# Lox vs. Smoked Salmon - is there a difference?



## BluePlate (Mar 15, 2007)

Hi All,

Please forgive me if this has already been addressed previously, but can someone explain what the difference is between 'lox' and the "nova" or "Scottish" style of smoked salmon (i.e. the wet kind, not the dry kind that is common in the Pacific Northwest). 

I've been using the terms as synonyms, but now I'm really wondering what the difference is.  

Also, have any of you tried to make your own lox?  I saw the Frugal Gourmet do it on TV once and I've been tempted to try it... 

Many thanks for any insight. Cheers,


----------



## Robo410 (Mar 15, 2007)

I think it has to do with the slicing and preparation (paper thin) as well as the cold smoking process.


----------



## sattie (Mar 15, 2007)

I was thinking that lox was cured with salt or some other means other than smoked.  And lox was thinly sliced and served, where smoked salmon is just that, smoked salmon that is not easily slivered... but I am no expert on the matter by any means!!!


----------



## Andy M. (Mar 15, 2007)

There are several different types of smoked salmon.  See here.


----------



## BluePlate (Mar 16, 2007)

Robo410, Sattie, and AndyM, 
THANKS so much for the answers! I guess nova salmon and lox are different.  I gave friends some nova salmon but mistakenly referred to it as lox because I thought they were one and the same. I know they like lox... hopefully nova is close...

Thank you again for the edification. Best,
BP


----------



## GB (Mar 16, 2007)

The quick answer is that lox is very salty and nova is not. They are both delicious though so I am sure your friends will love it.


----------



## auntdot (Mar 16, 2007)

Lived for many years in NYC, perhaps not the cured/smoked salmon capital of the world but it has to be close.

There generally was a difference between lox and nova, and lox was more salty and generally a bit less expensive than nova.

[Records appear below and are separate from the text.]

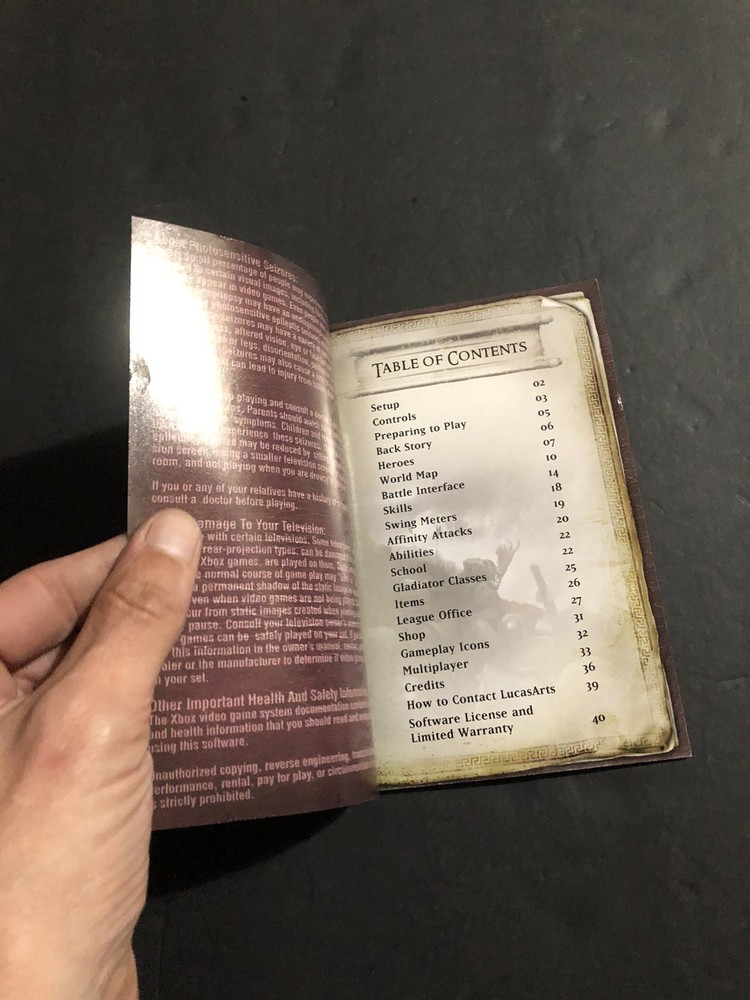 Gladius ps2 Manual Only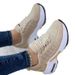 Casual Sports Shoes Women's Flying Woven Wedge Heel Round Head Lace-up Mesh Breathable Women's Shoes_vogvips.com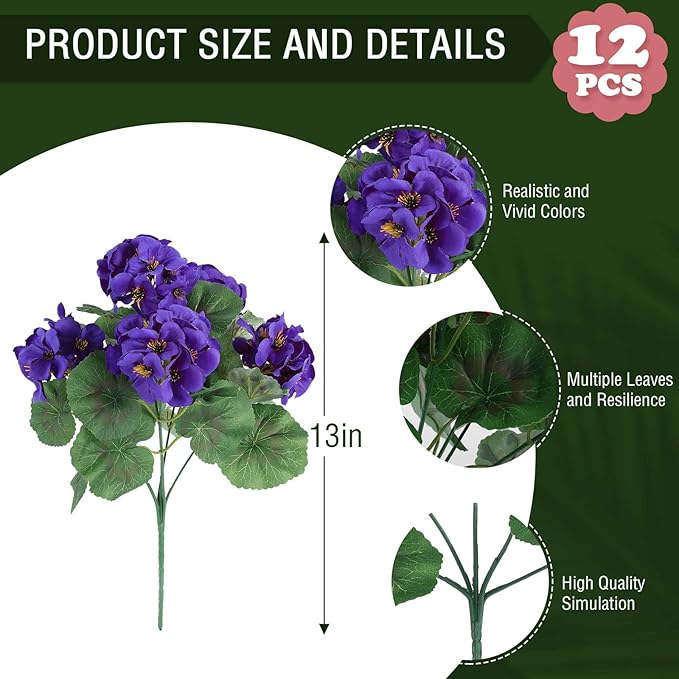 Artificial Flowers, Purple Silk Geranium, 6 Bundles, Indoor Outdoor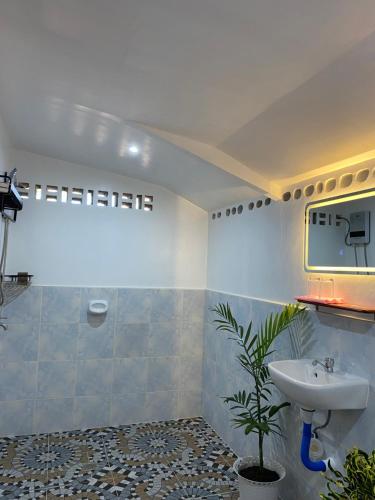 锡基霍尔Residencia Gemma的一间带水槽和镜子的浴室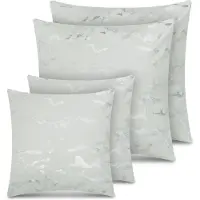 Aspero 4 Kissenbezüge mit Marmordesign 2x 45x45 cm, 2x 60x60 cm Carrara in Silber | Gr.: onesize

But as far as I know there are no smoked salmon police and there were many differences in grade of the products.

Anyway, love the stuff and I am sure your friends were very appreciative.


----------



## Andy M. (Mar 16, 2007)

Both lox and nova are cold smoked.  The difference is that lox is brined before smoking and the nova is not.


----------



## sattie (Mar 16, 2007)

BluePlate... your quite welcome, but it seems that I had something to learn on the subject myself!!!


----------